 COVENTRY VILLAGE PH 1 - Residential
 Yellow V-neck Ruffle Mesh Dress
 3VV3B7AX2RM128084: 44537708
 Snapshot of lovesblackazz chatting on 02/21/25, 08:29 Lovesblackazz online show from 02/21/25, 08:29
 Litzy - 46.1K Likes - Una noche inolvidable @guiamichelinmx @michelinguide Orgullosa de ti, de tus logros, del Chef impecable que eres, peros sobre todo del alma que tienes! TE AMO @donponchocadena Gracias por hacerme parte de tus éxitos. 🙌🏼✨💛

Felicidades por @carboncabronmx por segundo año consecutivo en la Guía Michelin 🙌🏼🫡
...
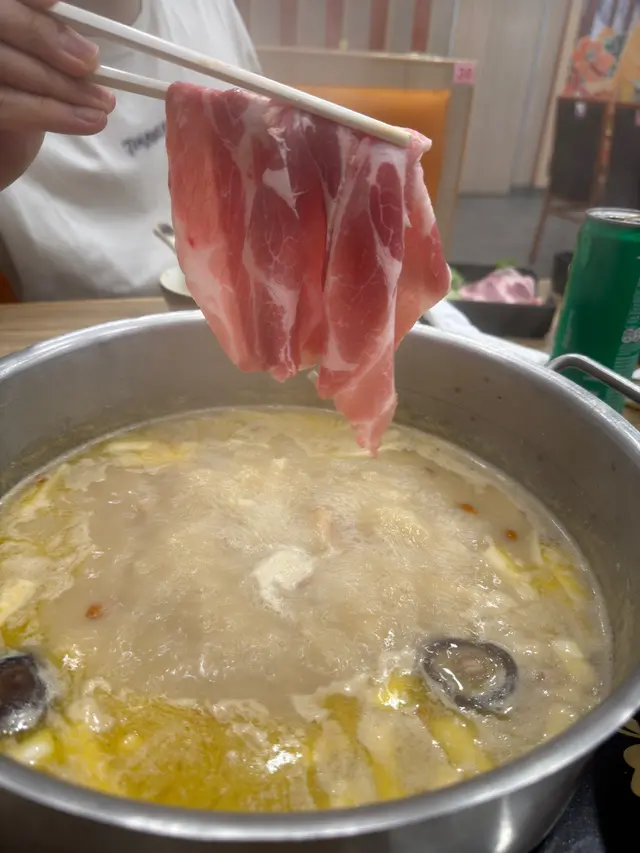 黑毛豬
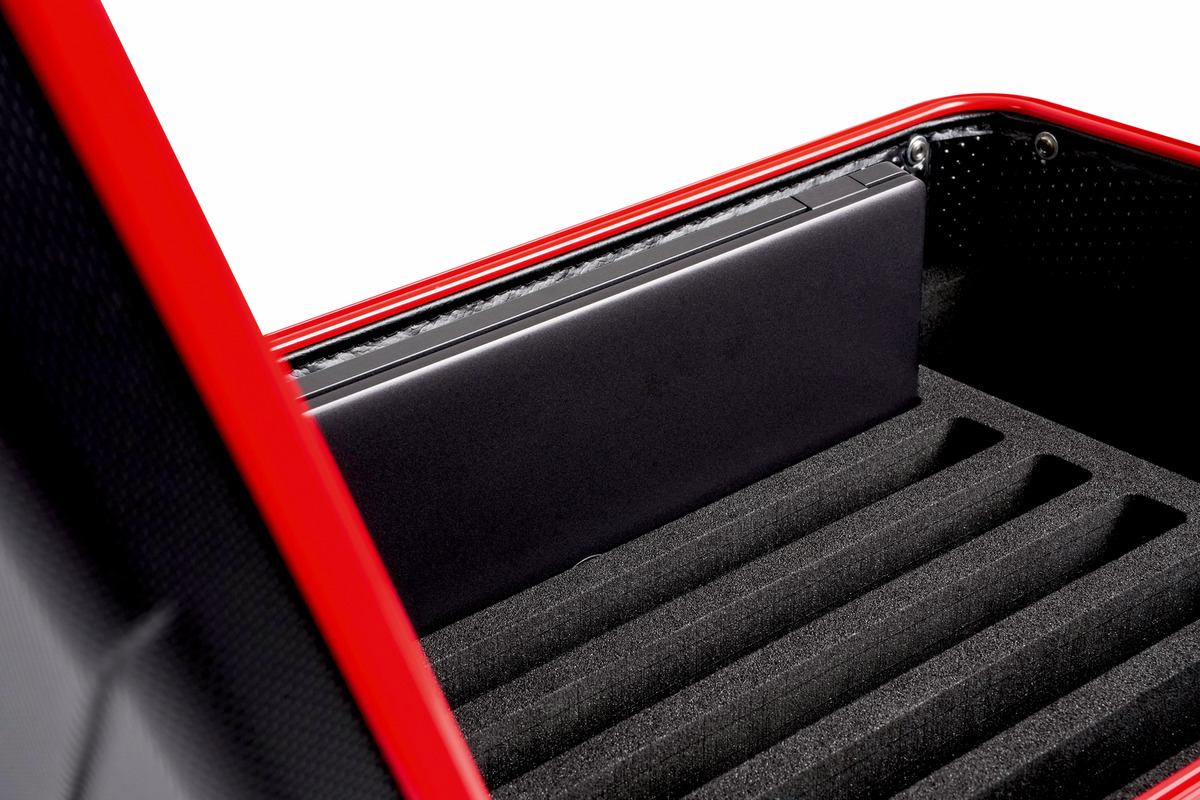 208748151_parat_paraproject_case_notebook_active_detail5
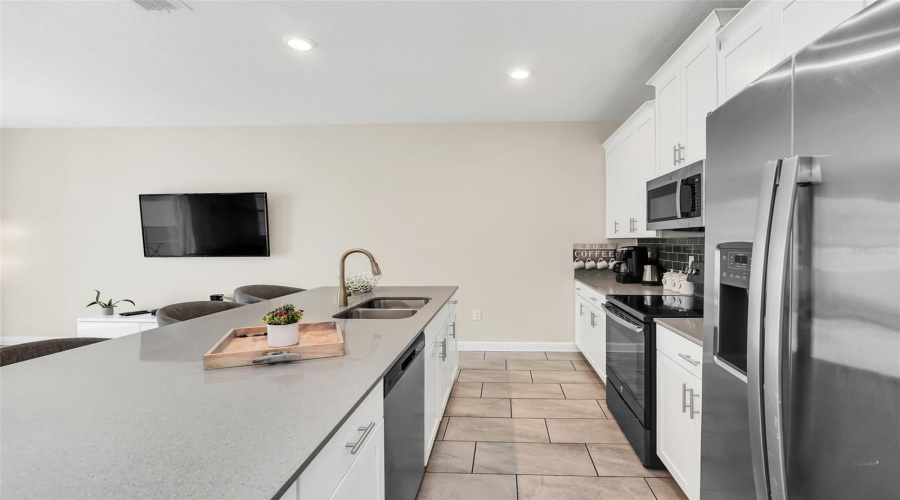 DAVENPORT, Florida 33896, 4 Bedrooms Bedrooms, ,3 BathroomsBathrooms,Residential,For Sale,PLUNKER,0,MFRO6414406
...
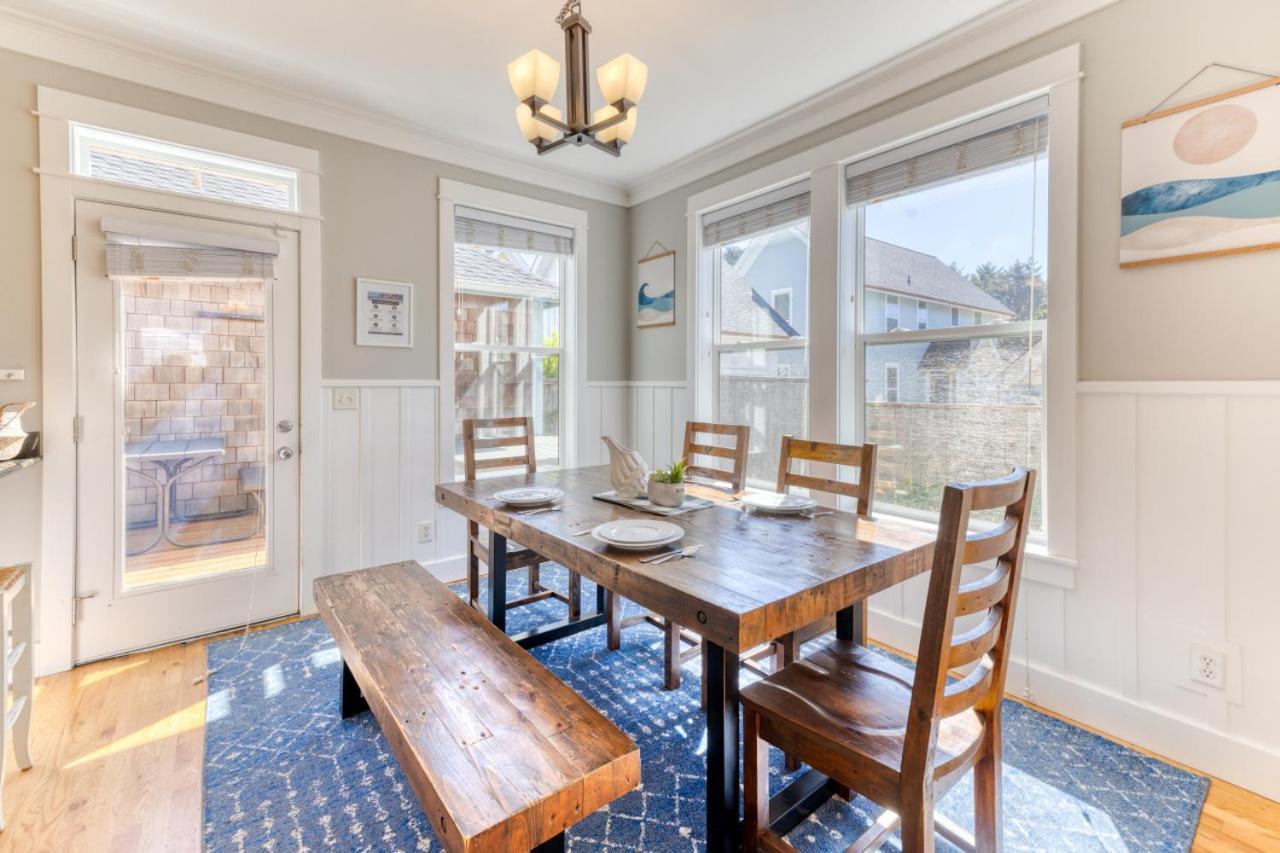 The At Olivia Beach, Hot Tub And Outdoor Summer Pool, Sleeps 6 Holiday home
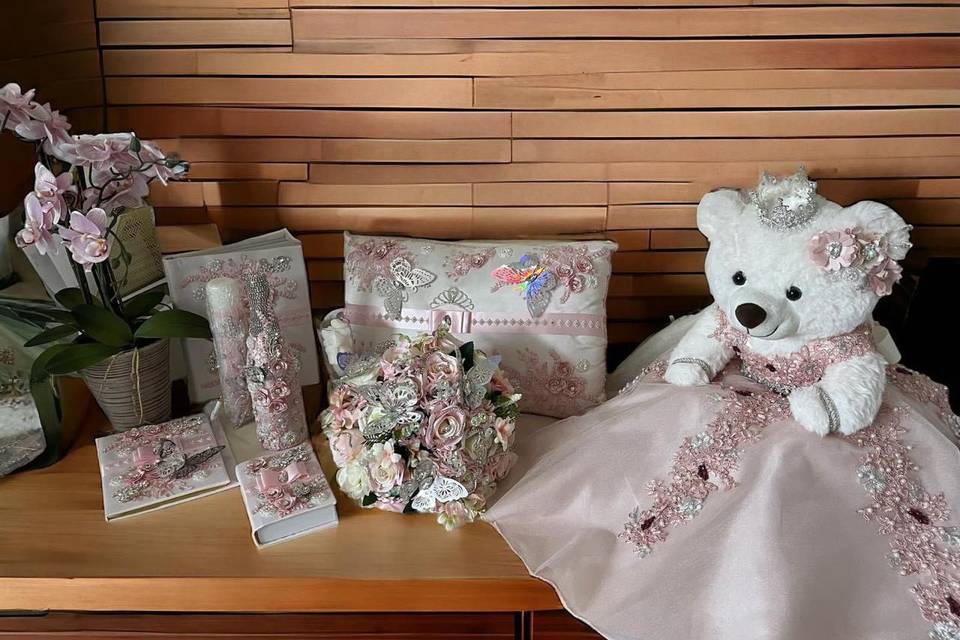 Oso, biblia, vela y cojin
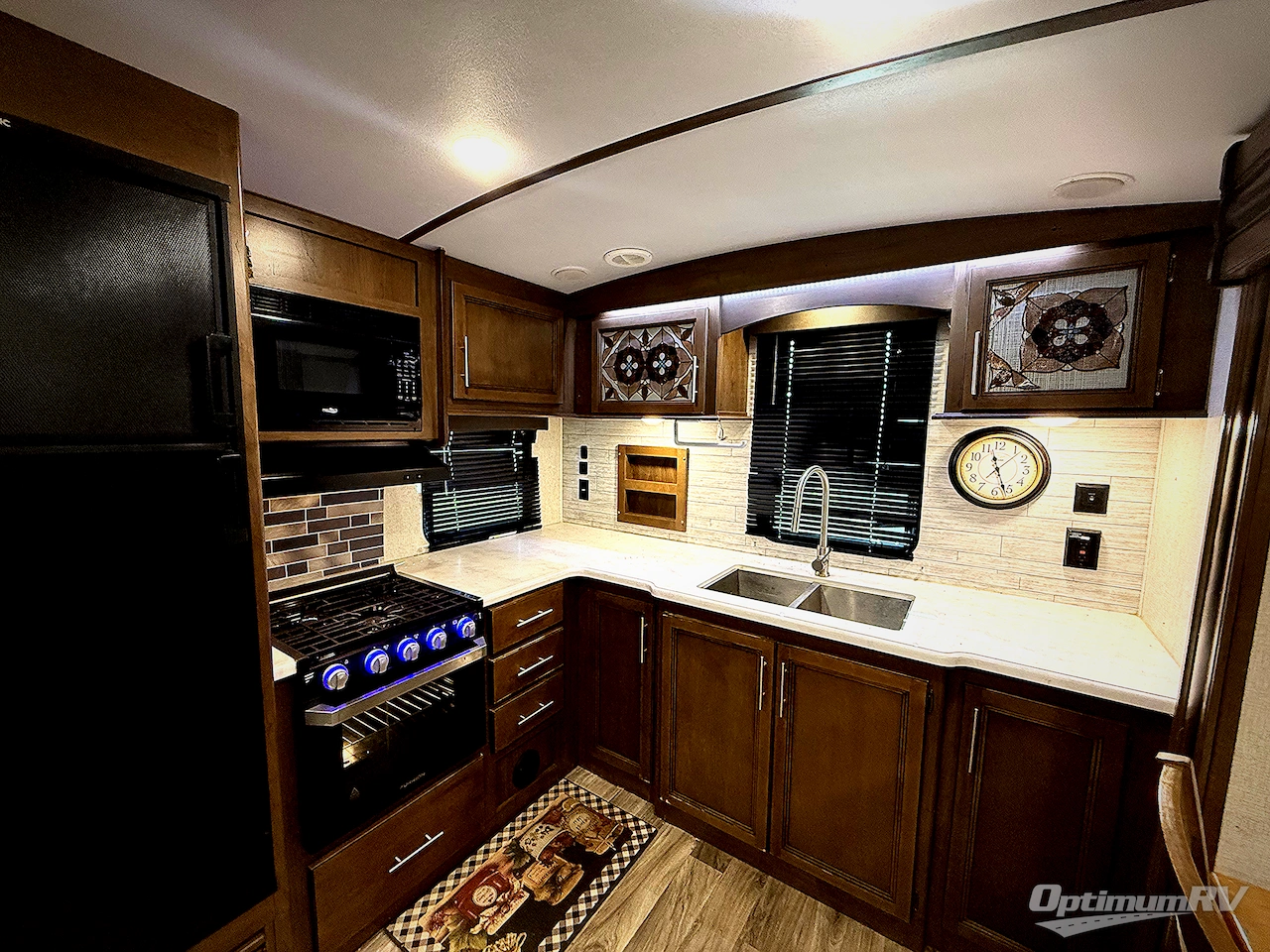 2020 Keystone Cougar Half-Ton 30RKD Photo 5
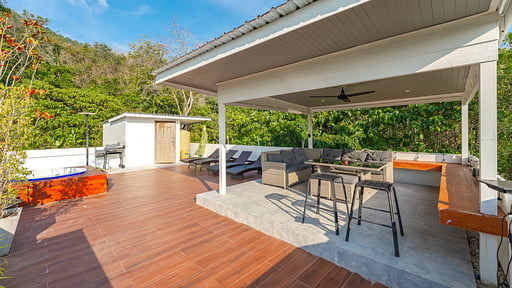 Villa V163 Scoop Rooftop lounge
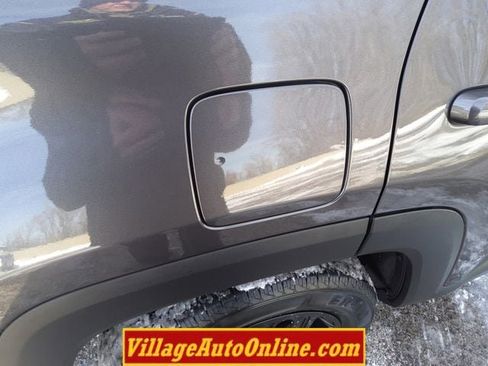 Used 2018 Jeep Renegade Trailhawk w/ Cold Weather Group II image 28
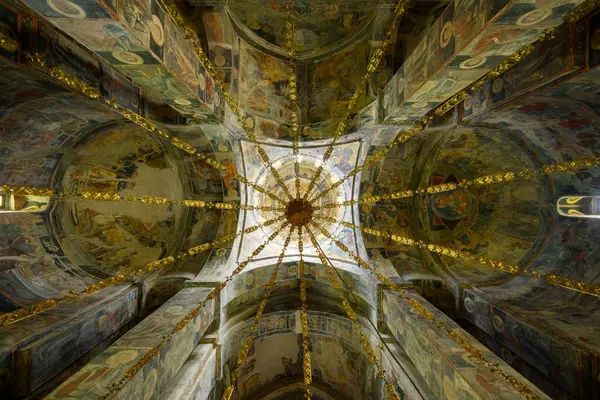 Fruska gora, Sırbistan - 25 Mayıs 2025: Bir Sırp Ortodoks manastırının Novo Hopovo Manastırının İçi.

> **Your goal**
Of the lines above, quote exactly those from the one with "Used 2018 Jeep" through the one with "Fruska gora, Sırbistan", ends included; pictures stay out.

> **Result for this task**
 Used 2018 Jeep Renegade Trailhawk w/ Cold Weather Group II image 28
 Fruska gora, Sırbistan - 25 Mayıs 2025: Bir Sırp Ortodoks manastırının Novo Hopovo Manastırının İçi.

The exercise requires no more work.